Aquellas cartas, qué llegaban, de la prima Milagros, las convencieron de que había una vida mejor lejos de una aldea, escondida entre olivares. Lejos de aquella posada, frente a la alberca, qué fuera patrimonio de la familia y alojamiento de las tropas de Franco durante la guerra.

En aquel tiempo, que muchos pasaron hambre, a ellos, nunca les faltó la comida, por la venta pasó toda la intendencia del ejercito. 

Pero vieron tantas atrocidades entre aquellos muros.

Solas madre e hija, entre aquellas paredes, habían visto migrar, uno a uno, los hijos o hermanos, el resto de la familia. Ella era la pequeña. Ahora estaban solas, ella y mamá Tomasa. Habían visto migrar mucha gente. Muchas despedidas frente a la puerta de aquella casa, junto a la carretera, que llevaba a Andújar.

Huérfana de padre desde los seis años, en tiempos de Manuel Azaña, vio partir a los hermanos, qué poco a poco dejaron jóvenes el nido. Habían pasado la guerra juntos y los años de las hambres. Ahora partían, cuando llegaban a la mayoría de edad, buscando mejor vida.
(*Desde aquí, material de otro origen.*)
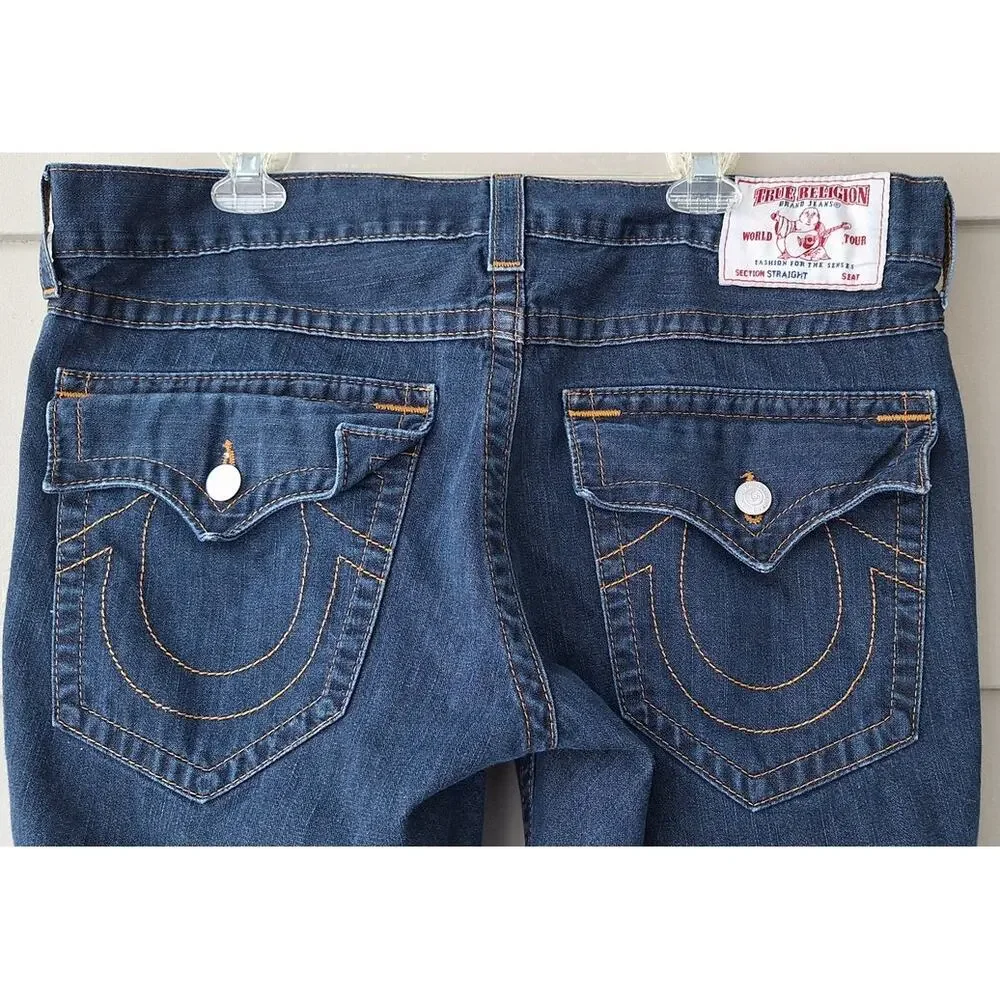 True Religion World Tour Men's Straight Flap Blue Jeans 100% Cotton Size 38x33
De los cinco hermanos todos estaban lejos:

La mayor Francisca, se casó con Francisco (Tito melón) y ahora vivían en Vallecas. 

Juana se fue a Jaén, a la capital cuando casó con otro Francisco. Lola se fue a la venta de Andas, y se caso con otro Francisco, capitán de caballería, cerquita de la linde con la provincia de Granada. 

Luis, siguiendo el oficio de su padre, probó fortuna en la construcción de la presa de Oliana. 

Ana se fue a Madrid con la mayor y allí casó con un banderillero, de la cuadrilla de Antonio Bienvenida. instalándose en el Barrio de San Blas.

De todos, llegaban cartas, con noticias de una vida nueva y prospera. El trabajo y las oportunidades no faltaban en aquellos tiempos. Había que reconstruir los desastres de la guerra.

Con tesón y trabajo no les faltaría de nada.

Eran muchas las tentaciones, para aquellos 20 años de Gertrudis, y en el pueblo no había más vida que la aceituna.

Milagros le había conseguido un trabajo. Decía en una carta. Entraría a servir en casa de unos señoritos, si querían venirse con ella.

Faustino su marido era jefe de enfermeros en la clínica del Perpetuo Socorro, en Lérida. Estaban bien de espacio, en su gran casa, para acogerlas. Y todavía no tenían niños.

Peregrinas hacia una nueva vida que les hiciera olvidar la guerra y el hambre. Con un hatillo, y una maleta de lona y cartón piedra, se echaron la manta a la cabeza y salieron de Escañuela, con destino Lérida.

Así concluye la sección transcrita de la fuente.